Os indígenas podem não ter dinheiro, mas não são pobres. E são hoje guardiões de nosso futuro. - Manifestação da Comissão Arns

Direitos Humanos para Todos

Margarida Genevois 10 Fev 2019, 7:00 UN-Logo.png

A Declaração Universal de Direitos Humanos completou setenta anos em dezembro passado, reconhecida como uma conquista moral da humanidade. "Todos os seres humanos nascem livres e iguais em dignidade e direitos: são dotados de razão e consciência e devem agir em relação uns aos outros com espírito de fraternidade" (art.1º). Comemoramos a data com fé e esperança, mas também com uma aguda aflição causada pela insegurança diante dos rumos de nosso país, com tantos exemplos de violação dos direitos humanos, assim como da indiferença e da manipulação dos dados, o que leva ainda à impunidade dos responsáveis.

São o reconhecimento, a proteção e a promoção dos direitos humanos de todos - e não apenas de uma minoria privilegiada - que definem o nível civilizatório e ético de uma sociedade, de um país. Não existe democracia sem respeito aos direitos humanos, assim como, nos regimes autoritários, a garantia de direitos é limitada, quando simplesmente inexistente. O Brasil é signatário da Declaração de 1948 e de todos os pactos, convenções e tratados que se seguiram até hoje, inclusive aquele referente à tortura como crime contra a humanidade. Nossa Constituição aborda os direitos fundamentais, fruto de ampla mobilização popular durante a Constituinte.
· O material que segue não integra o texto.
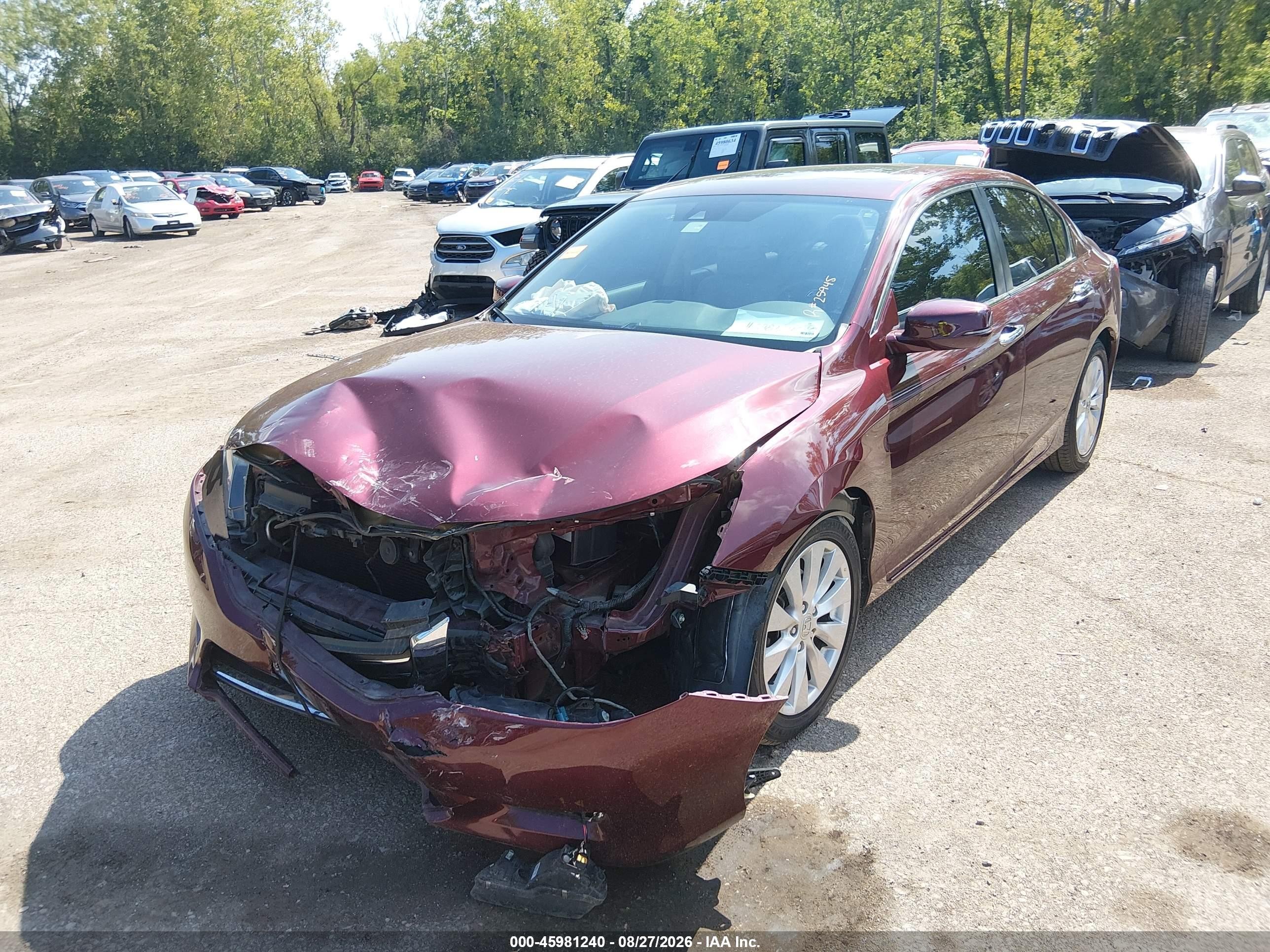 2014 Honda Accord Ex-l Темно-бордовый vin: 1HGCR2F8XEA218865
É essa convicção sobre a exigência do rigor do Estado e da sociedade com os direitos humanos de todos que nos leva a participar da Comissão Arns, recentemente criada por um grupo de pessoas com experiência na militância pró-direitos fundamentais desde, pelo menos, a ditadura civil-militar inaugurada com o golpe de 1964. Somos advogados, juristas, jornalistas, professores universitários, educadores, cientistas sociais, psicanalistas unidos na mesma finalidade: denunciar e acompanhar graves violações de direitos humanos no país.

A proposta é ambiciosa, mas queremos trabalhar em rede, ou seja, em parceria com entidades da sociedade civil e com órgãos do Estado cuja função precípua seja justamente a defesa dos cidadãos, sobretudo os mais vulneráveis: os indígenas e os quilombolas; o povo das periferias espremido entre a violência dos bandidos e a das milícias e da polícia; os negros, especialmente a juventude; a população LGBT; os presos em nosso pavoroso sistema carcerário; os jornalistas e os professores perseguidos por sua opinião; as vítimas de tragédias resultantes da ganância ou da incúria das autoridades etc.

Permitam-me uma nota pessoal. Quando Dom Paulo Evaristo Arns, então arcebispo de São Paulo, convidou-me a integrar a Comissão Justiça e Paz, em plena ditadura nos anos 1970, fiquei comovida com a confiança depositada e temerosa de não "dar conta" do trabalho. Pois foi esse convite que me fez descobrir o sentido que daria à vida, e desde então a defesa dos direitos humanos e os projetos de educação em direitos humanos tornaram-se minha principal preocupação. Aprendi muito com Dom Paulo e tenho certeza de que sua presença estará sempre a nos iluminar nesta nova Comissão. Podemos sentir medo ou insegurança, mas sempre lembraremos de sua voz firme a nos dizer: "Coragem!".

Hoje enfrentamos, em certos setores, a desconfiança, quando não o desprezo, ao falar em direitos humanos. Mas estamos juntos nessa empreitada e contamos com o entusiasmo dos mais jovens que vão atuar em diversas áreas da Comissão. Aos 95 anos, fico feliz de vê-los participar e lutar por um mundo melhor. Alguns podem se desanimar considerando que essa luta por igualdade, liberdade, solidariedade é bonita, porém é uma utopia. Mas a utopia é sempre um horizonte. Gosto de lembrar o poeta Mário Quintana: "Se as coisas são inatingíveis... ora! Não é motivo para não querê-las. Que tristes os caminhos, se não fora a mágica presença das estrelas". Dom Paulo é nossa maior estrela.